> WORK TASK
Reproduce, exactly and only, the lines of the data that follows from the one containing "HANG French Brush #8" down to the one containing "Шарф Tom Tailor Шарф Tom Tailor", without pictures.

> PROVIDED MATERIAL
========

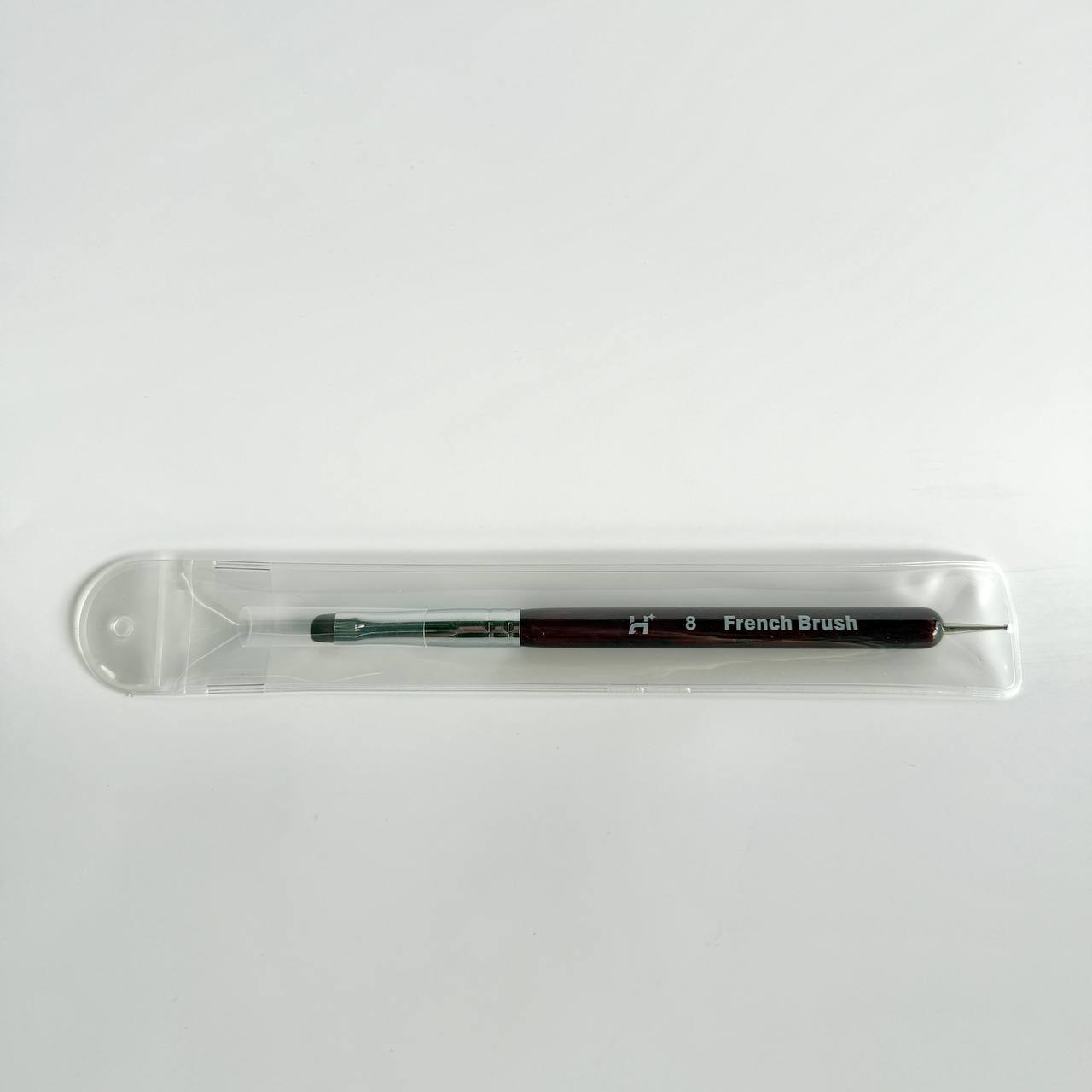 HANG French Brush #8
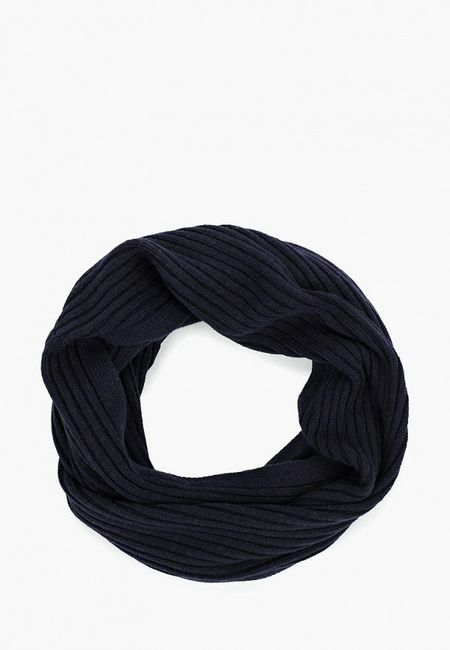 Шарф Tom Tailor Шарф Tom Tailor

========

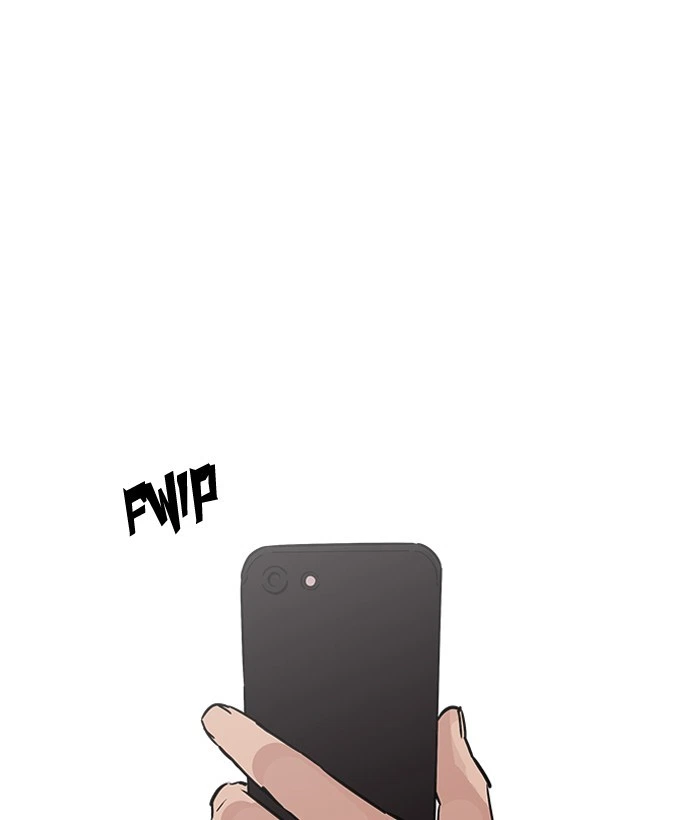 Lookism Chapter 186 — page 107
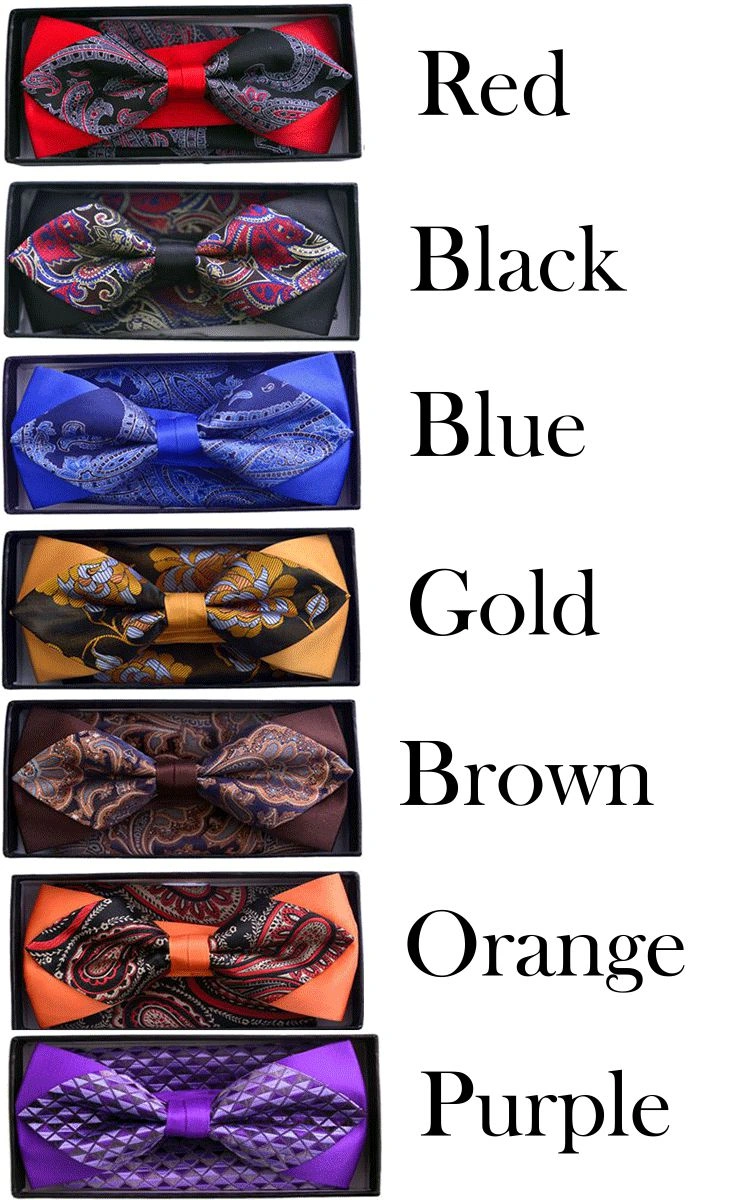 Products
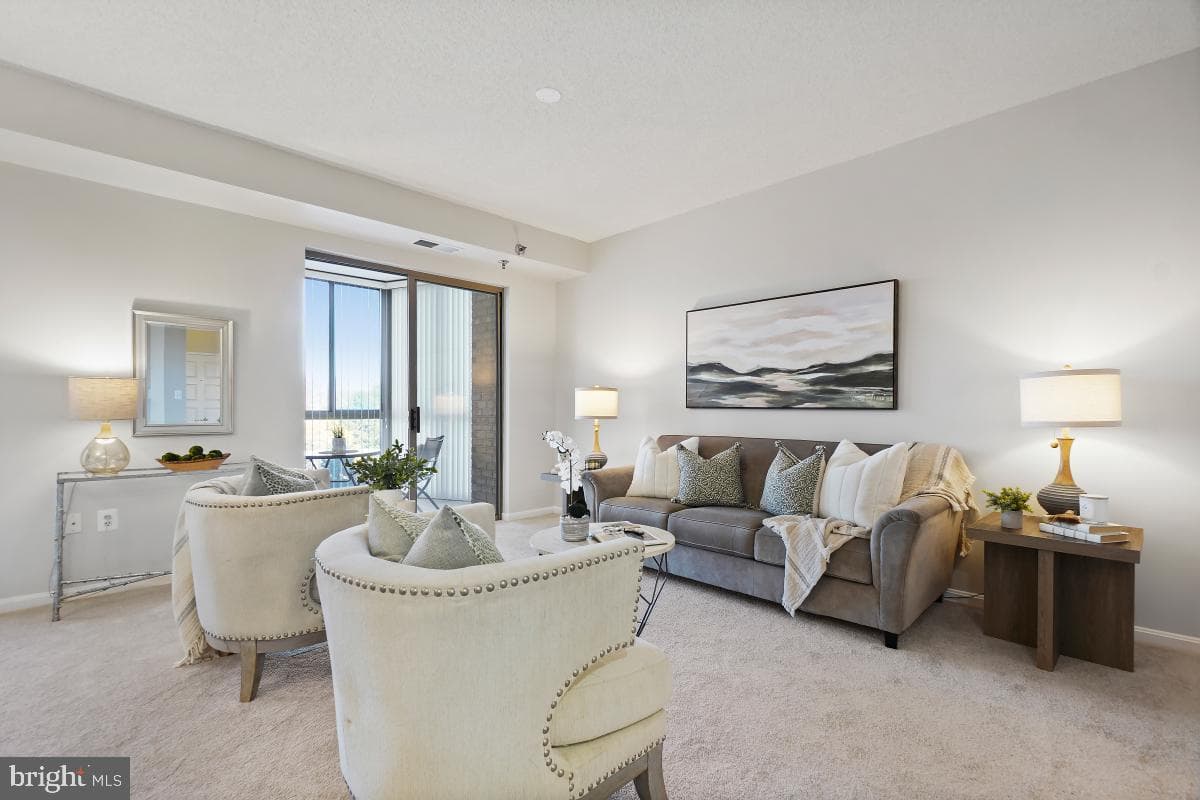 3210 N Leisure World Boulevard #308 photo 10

========

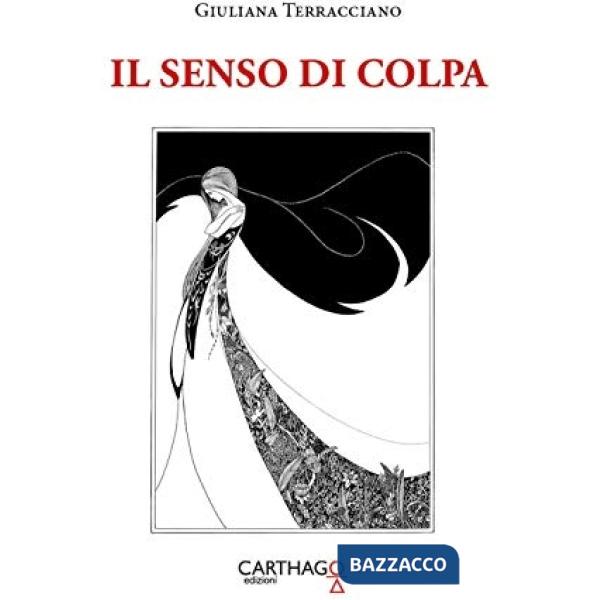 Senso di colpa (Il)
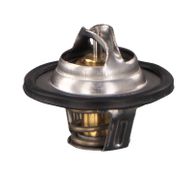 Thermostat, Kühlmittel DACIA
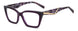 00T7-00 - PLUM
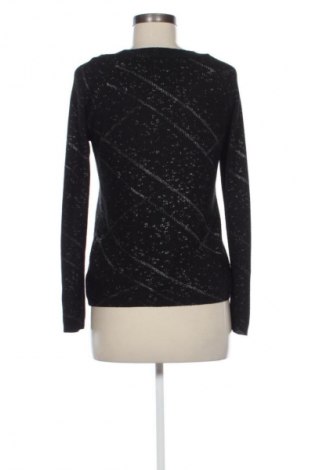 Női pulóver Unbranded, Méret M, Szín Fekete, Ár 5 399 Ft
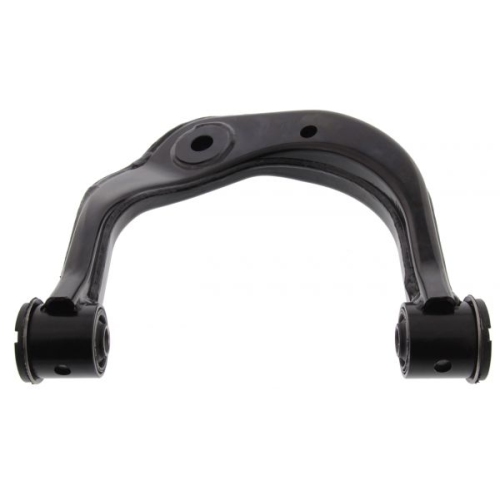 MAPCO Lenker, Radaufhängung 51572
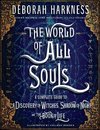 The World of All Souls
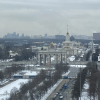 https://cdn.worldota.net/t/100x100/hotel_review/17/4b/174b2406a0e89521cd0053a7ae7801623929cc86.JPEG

========

> RESPONSE BOX
 HANG French Brush #8
 Шарф Tom Tailor Шарф Tom Tailor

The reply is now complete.